Personal information
- Full name: Lawrence Garfield Black
- Born: 15 September 1881 Lambeth, London, England
- Died: 14 August 1959 (aged 77) Dewsbury, Yorkshire, England
- Batting: Left-handed
- Bowling: Left-arm medium

Domestic team information
- 1903–1919: Hampshire

Career statistics
| Competition | First-class |
| Matches | 3 |
| Runs scored | 36 |
| Batting average | 7.20 |
| 100s/50s | –/– |
| Top score | 21 |
| Balls bowled | 276 |
| Wickets | 1 |
| Bowling average | 229.00 |
| 5 wickets in innings | – |
| 10 wickets in match | – |
| Best bowling | 1/27 |
| Catches/stumpings | 3/– |
- Source: Cricinfo, 18 January 2010

= Lawrence Black (cricketer) =

English cricketer

Lawrence Garfield Black (15 September 1881 – 14 August 1959) was an English cricketer. Black was a left-handed batsman who bowled left-arm medium pace.

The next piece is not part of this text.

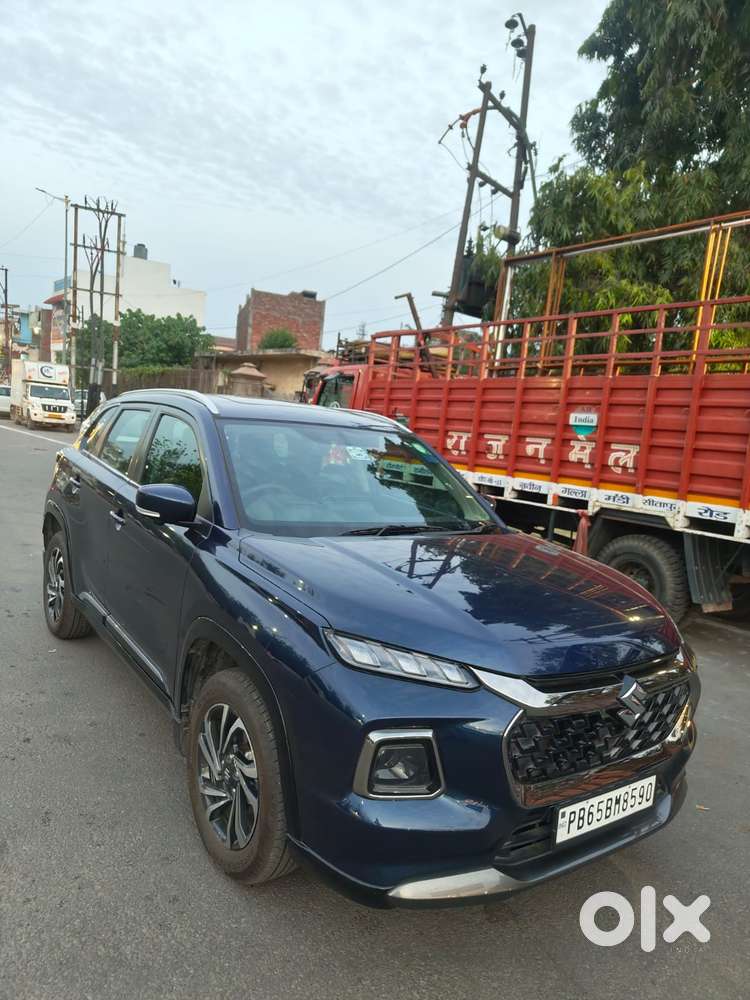Maruti Suzuki Grand Vitara 1.5 Alpha Smart Hybrid At, 2025, Petrol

Black made his first-class debut for Hampshire against the Gentlemen of Philadelphia in 1903. On debut, Black took his only first-class wicket, that of Philadelphia batsman John Lester.

After the First World War and sixteen years after making his debut for Hampshire, Black made his second first-class appearance for Hampshire in 1919. Black played three matches in the 1919 County Championship against Middlesex, Surrey and Yorkshire.

Black died at Dewsbury, Yorkshire on 14 August 1959.